Xuan Wang

Data Scientist, Databricks

Xuan Wang is a data scientist/engineer at Databricks. He is working on building data products and ETL pipelines on top of Databricks’ Unified Analytic Platform and Apache Spark. Prior to joining Databricks, he was a postdoctoral researcher working on probabilistic models in random graphs and random medium.

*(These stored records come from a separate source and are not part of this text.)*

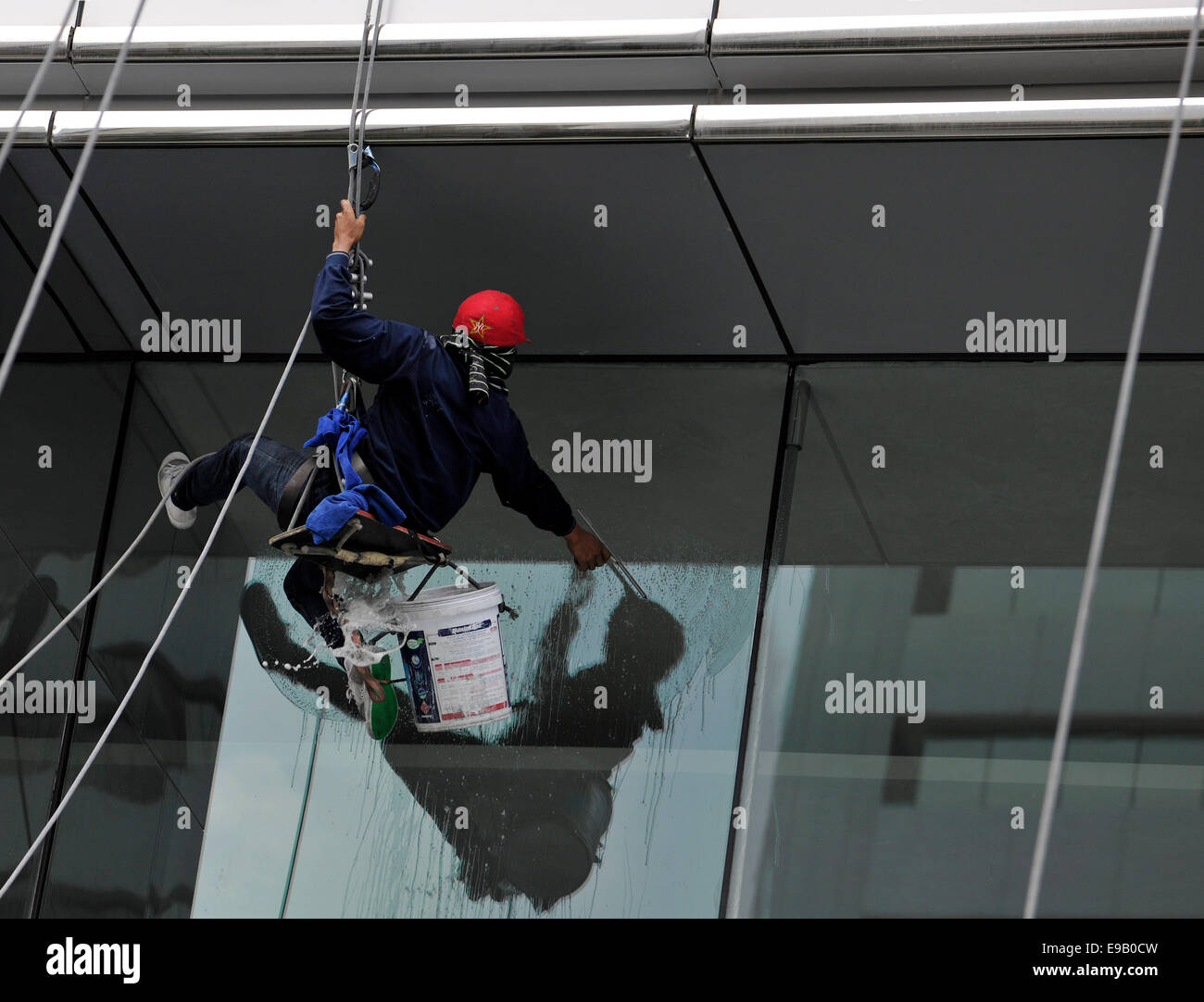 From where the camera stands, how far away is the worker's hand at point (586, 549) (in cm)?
538

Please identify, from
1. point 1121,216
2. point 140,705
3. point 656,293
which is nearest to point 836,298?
point 656,293

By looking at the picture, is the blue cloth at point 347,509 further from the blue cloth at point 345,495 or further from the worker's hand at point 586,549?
the worker's hand at point 586,549

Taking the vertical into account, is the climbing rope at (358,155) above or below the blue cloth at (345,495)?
above

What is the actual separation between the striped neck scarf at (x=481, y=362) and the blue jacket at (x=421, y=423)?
0.12ft

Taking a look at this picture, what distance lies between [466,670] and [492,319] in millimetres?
1114

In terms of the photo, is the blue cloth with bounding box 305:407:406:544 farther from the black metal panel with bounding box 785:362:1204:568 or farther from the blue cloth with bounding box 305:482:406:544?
the black metal panel with bounding box 785:362:1204:568

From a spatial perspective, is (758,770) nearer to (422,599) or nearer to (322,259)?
(422,599)

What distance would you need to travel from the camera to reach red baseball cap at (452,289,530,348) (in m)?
4.62

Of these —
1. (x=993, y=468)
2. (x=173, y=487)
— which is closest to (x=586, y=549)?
(x=173, y=487)

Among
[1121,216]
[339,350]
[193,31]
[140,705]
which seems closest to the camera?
[339,350]

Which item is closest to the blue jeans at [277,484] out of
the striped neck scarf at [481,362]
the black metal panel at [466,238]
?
the striped neck scarf at [481,362]

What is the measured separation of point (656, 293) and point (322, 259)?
1354 millimetres

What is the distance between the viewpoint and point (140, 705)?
569 centimetres

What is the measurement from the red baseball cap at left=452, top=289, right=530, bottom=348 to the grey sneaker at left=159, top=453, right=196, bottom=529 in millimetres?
1276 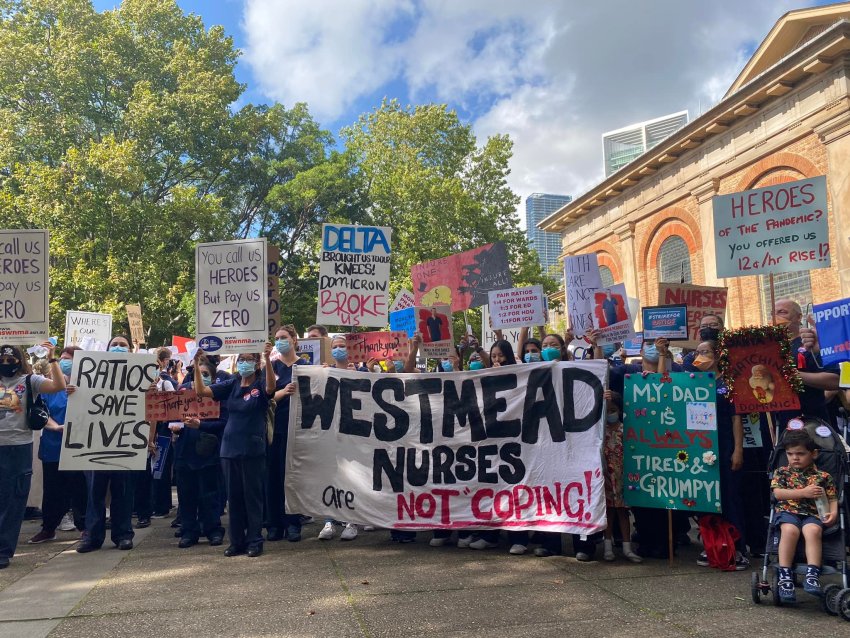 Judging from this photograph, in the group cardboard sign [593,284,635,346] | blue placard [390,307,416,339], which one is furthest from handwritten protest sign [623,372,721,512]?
blue placard [390,307,416,339]

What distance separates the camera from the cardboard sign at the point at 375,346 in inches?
342

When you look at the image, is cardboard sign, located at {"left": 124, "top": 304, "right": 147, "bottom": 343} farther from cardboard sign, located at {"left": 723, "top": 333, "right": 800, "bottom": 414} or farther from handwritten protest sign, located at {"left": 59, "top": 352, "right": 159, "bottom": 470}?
cardboard sign, located at {"left": 723, "top": 333, "right": 800, "bottom": 414}

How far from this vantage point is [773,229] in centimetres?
830

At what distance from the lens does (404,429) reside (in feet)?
22.5

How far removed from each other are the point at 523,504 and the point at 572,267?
15.3 ft

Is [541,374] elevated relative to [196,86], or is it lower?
lower

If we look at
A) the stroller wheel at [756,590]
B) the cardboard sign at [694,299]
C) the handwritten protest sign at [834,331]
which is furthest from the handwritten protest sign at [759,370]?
the cardboard sign at [694,299]

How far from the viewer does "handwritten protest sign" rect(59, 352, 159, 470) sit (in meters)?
6.92

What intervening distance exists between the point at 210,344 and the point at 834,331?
226 inches

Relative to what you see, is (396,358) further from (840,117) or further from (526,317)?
(840,117)

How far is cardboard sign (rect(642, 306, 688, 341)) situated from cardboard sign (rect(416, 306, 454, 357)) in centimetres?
234

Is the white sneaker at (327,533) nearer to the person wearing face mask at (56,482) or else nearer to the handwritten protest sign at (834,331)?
the person wearing face mask at (56,482)

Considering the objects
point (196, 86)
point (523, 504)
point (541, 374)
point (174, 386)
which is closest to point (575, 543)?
point (523, 504)

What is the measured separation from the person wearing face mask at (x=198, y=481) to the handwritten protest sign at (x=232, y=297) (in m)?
0.37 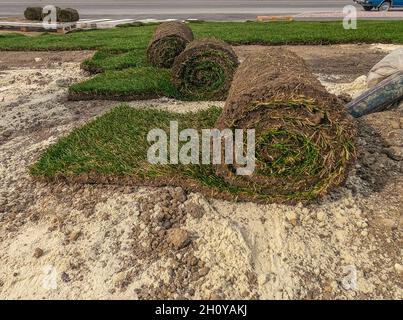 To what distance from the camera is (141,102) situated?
27.1 ft

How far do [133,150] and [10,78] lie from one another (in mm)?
6849

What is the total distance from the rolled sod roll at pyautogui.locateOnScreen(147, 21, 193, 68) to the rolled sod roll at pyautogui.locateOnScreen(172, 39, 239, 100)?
5.21ft

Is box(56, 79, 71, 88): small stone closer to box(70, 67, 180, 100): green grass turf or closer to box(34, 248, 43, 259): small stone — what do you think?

He received his Ph.D. in Statistics from The University of North Carolina at Chapel Hill in 2014.

Past sessions

Summit 2019 Databricks: What We Have Learned by Eating Our Dog Food

April 24, 2019 05:00 PM PT

Databricks Unified Analytics Platform (UAP) is a cloud-based service for running all analytics in one place - from highly reliable and performant data pipelines to state-of-the-art Machine Learning. From the original creators of Apache Spark and MLflow, it provides data science and engineering teams ready to use pre-packaged clusters with optimized Apache Spark and various ML frameworks coupled with powerful collaboration capabilities to improve productivity across the ML lifecycle. Yada yada yada... But in addition to being a vendor Databricks is also a user of UAP.

So, what have we learned by eating our own dogfood? Attend a “from the trenches report” from Suraj Acharya, Director Engineering responsible for Databricks’ in-house data engineering team how his team put Databricks technology to use, the lessons they have learned along the way and best practices for using Databricks for data engineering.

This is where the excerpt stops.